What the task asks => Word for word, restate the records that come next, omitting the images.

Spatial localization data

# # # #

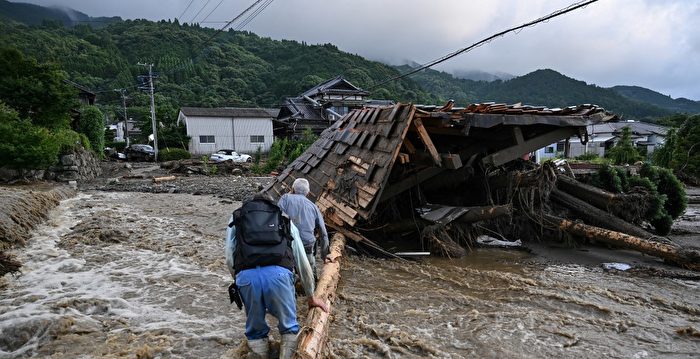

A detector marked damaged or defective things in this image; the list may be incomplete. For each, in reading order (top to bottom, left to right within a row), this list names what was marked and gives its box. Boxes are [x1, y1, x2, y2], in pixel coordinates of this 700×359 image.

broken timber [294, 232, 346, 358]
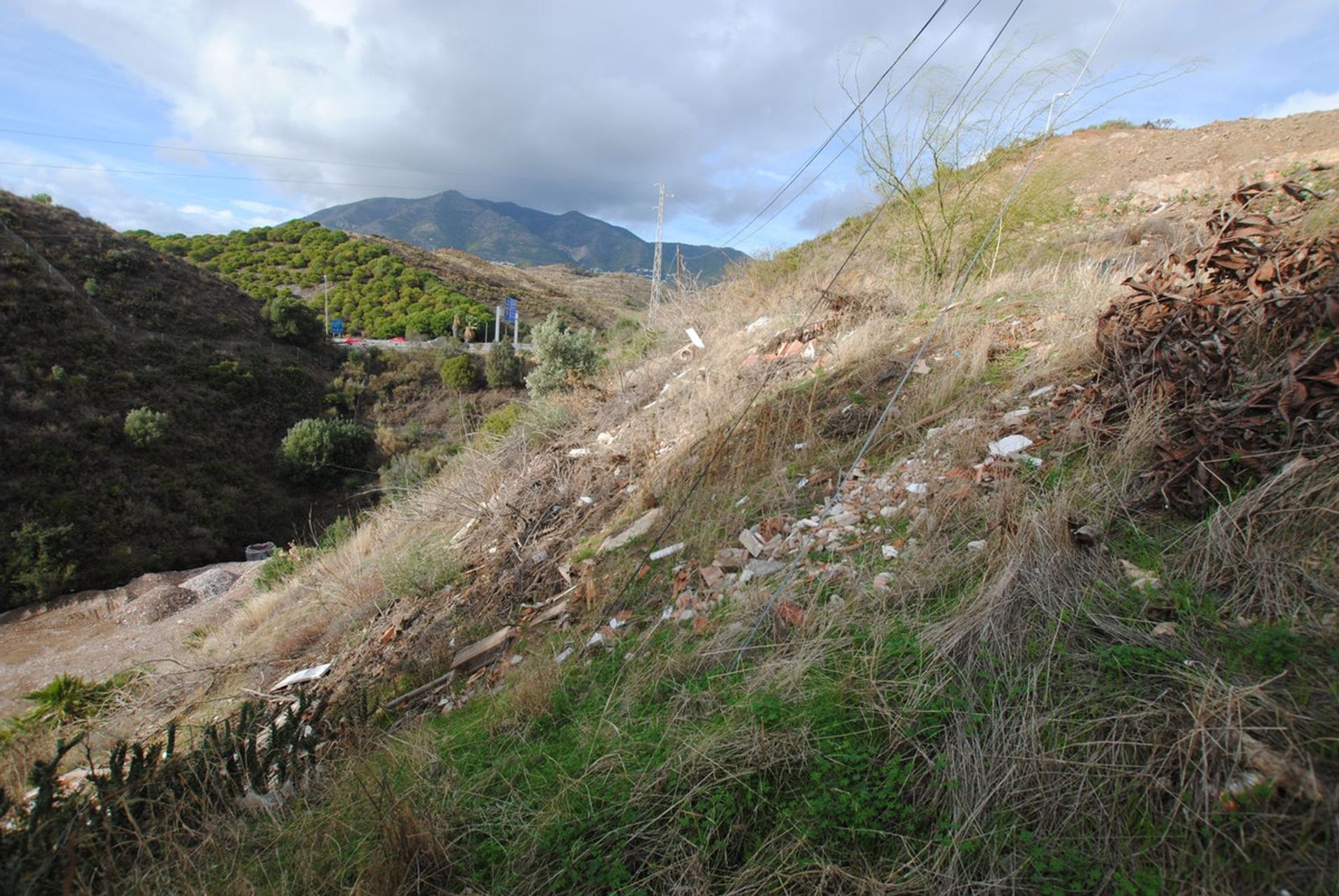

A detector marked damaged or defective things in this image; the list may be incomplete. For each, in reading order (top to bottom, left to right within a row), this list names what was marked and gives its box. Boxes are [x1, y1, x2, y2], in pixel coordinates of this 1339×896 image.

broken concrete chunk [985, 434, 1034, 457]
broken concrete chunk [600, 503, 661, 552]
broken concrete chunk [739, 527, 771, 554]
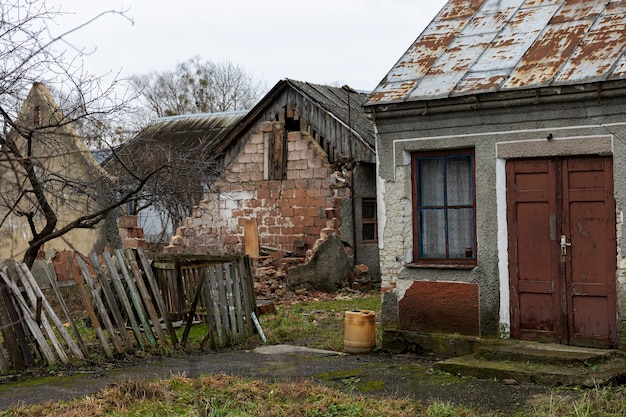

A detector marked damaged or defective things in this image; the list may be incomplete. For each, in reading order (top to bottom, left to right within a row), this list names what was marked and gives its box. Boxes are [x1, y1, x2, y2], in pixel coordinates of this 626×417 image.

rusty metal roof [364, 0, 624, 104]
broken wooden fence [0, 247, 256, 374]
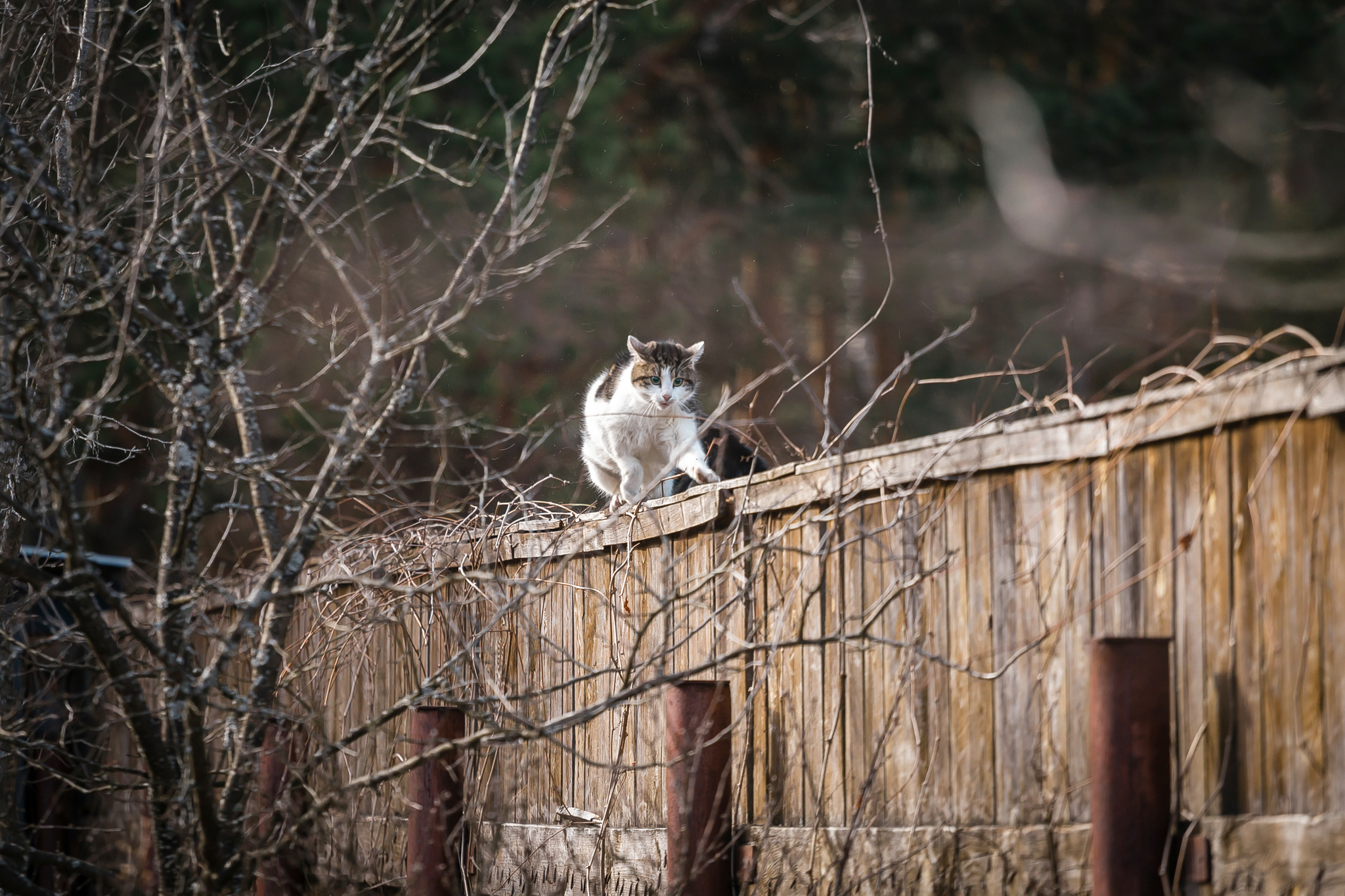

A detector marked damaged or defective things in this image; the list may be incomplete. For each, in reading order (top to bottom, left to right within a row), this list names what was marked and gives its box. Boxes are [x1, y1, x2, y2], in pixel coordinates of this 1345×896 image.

# # # #

Answer box =>
A detector marked damaged or defective things in this image; the list may be incomplete. For each, in reading order (top to bottom, left to right within a row), this list names what was marked and gives its box. Boxes are [x1, y1, x2, y2], in pixel coordinates of this 700×359 image.

broken timber [294, 232, 346, 358]

A detector marked damaged or defective things in this image; the list may be incomplete. For each, in reading order (top to bottom, left to right within a row), this list names what was marked and gives its box. Boxes are [x1, y1, x2, y2], in pixel coordinates of this 1339×896 image.

broken concrete chunk [985, 434, 1034, 457]
broken concrete chunk [600, 503, 661, 552]
broken concrete chunk [739, 527, 771, 554]

A detector marked damaged or defective things in this image; the list may be incomplete. For each, in reading order (top to bottom, left to right within a row), this list names what was marked and gives its box. Boxes are [x1, y1, x2, y2], in pixel coordinates of this 626×417 image.

rusty metal roof [364, 0, 624, 104]
broken wooden fence [0, 247, 256, 374]

A detector marked damaged or defective things in this image; the list may be incomplete. For each, in reading order (top to bottom, left to right within a row), this list names what was marked and gives its box. Boxes are [x1, y1, x2, y2], in pixel coordinates of this 1345×896 image.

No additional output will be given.